1st April 2023
On March 27, in a bold move to take down New York City’s furry foes, Mayor Eric Adams unleashed a composting mandate aimed at annihilating the city’s rat population.
First to feel the rat-fighting wrath of the mandate is Queens, where residents will receive a three-month crash course in waste management and organic separation. From food waste to leaf litter, New Yorkers will be tasked with stripping their yards of all plant-based remains that rodents find so tantalizing.
The city’s battle plan will be rolled out to other boroughs in due course. Brooklyn will join the frontlines in October, with the Bronx and Staten Island following in March 2024. Finally, Manhattan will get in on the action with a gradual deployment in October 2024.
The New York City Department of Sanitation (DSNY) revealed that a staggering 34 percent of the city’s waste – including food scraps, soiled packaging, and yard waste – acts as a siren call to rodents, exacerbating the city’s sanitation woes.
The environmental implications are dire. Organic waste, when trapped beneath layers of landfill, releases potent methane gas – a greenhouse gas far more destructive than carbon dioxide. Shockingly, methane emissions account for four percent of the city’s greenhouse gases.
DSNY revealed that four percent of New York City’s greenhouse gases are entirely methane emissions.
“Diverting organic waste from the refuse stream can fight rats, divert waste from landfills, reduce greenhouse gas emissions, and create beneficial products that enliven our parks and gardens or power homes with renewable energy,” DSNY explained.

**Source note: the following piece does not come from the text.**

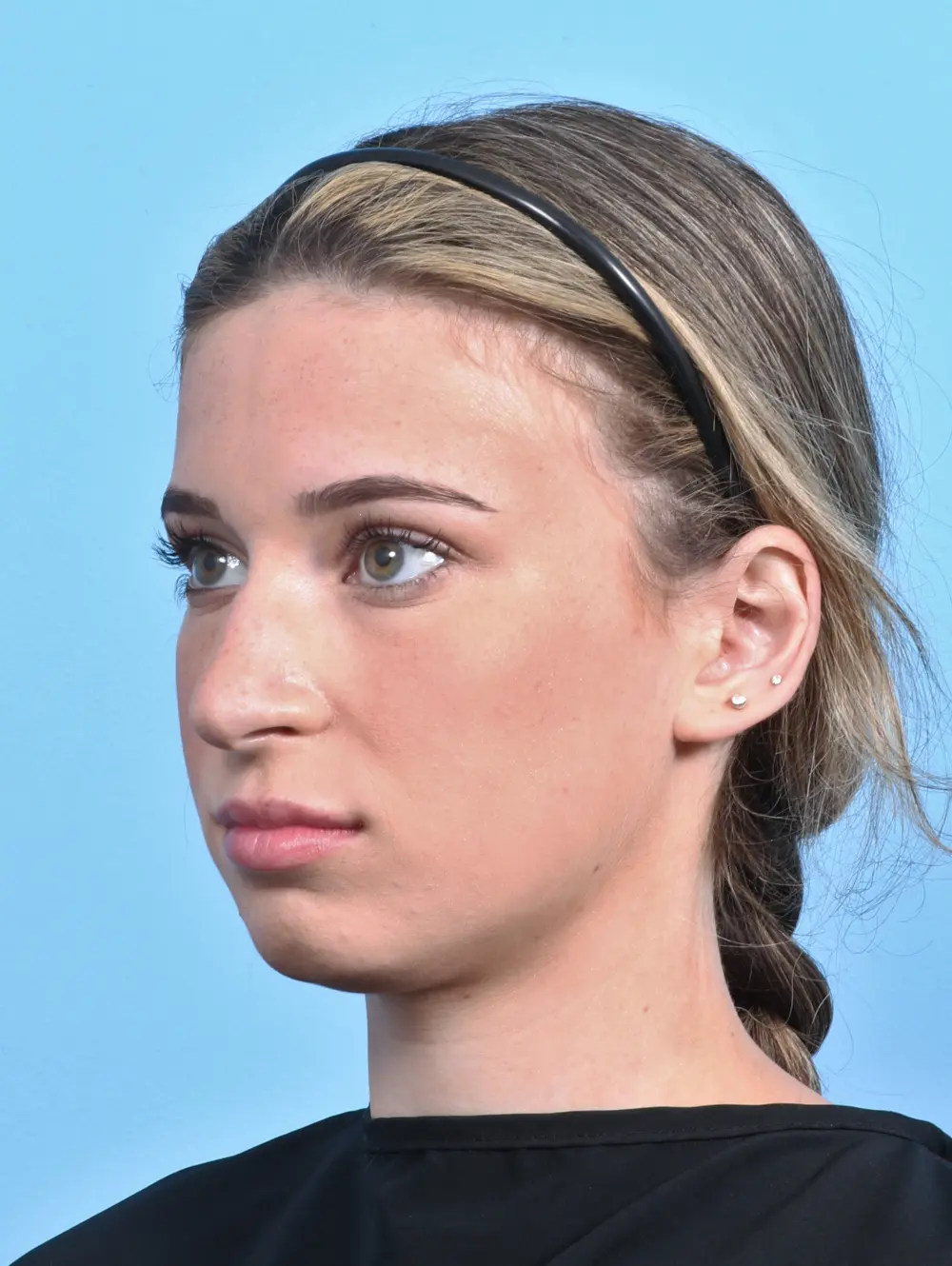 Rhinoplasty Patient Photo - Case 25503 - before view-1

Mayor Adams’ tenure has witnessed various waste management laws supporting sustainability efforts. In a recent move, he bolstered the city’s composting program with a whopping $45 million, enabling voluntary curbside composting. This pilot program triumphantly collected over 12.7 million pounds of organic waste in Queens alone.
“By reducing the food waste that we put into trash bags, our streets will look better, smell better, and best of all, will be dealing a blow to New York City’s number one enemy: rats,” Mayor Adams said.
Battle for New York City
New York City’s rat problem has surged since the start of COVID-19 lockdowns, with rodent activity doubling between 2021 and 2022. Previous composting programs aimed at curbing infestations were scrapped due to pandemic-related budget restrictions.
Mayor Adams’ anti-rat arsenal ranges from environmentally-conscious policies to more extreme measures – like the appointment of a “director of rodent mitigation.” This fierce new role seeks a “somewhat bloodthirsty” candidate eager to spearhead the wholesale slaughter of the city’s vermin.
The city’s previous composting programs in 2020 aimed to help with the infestation, but they were later cut due to budget restrictions caused by the pandemic.
“I hate rats, and we have too many of them and we have to get rid of them,” Mayor Adams said, highlighting the need for improved waste management to combat the city’s rodent-related outbreaks and diseases.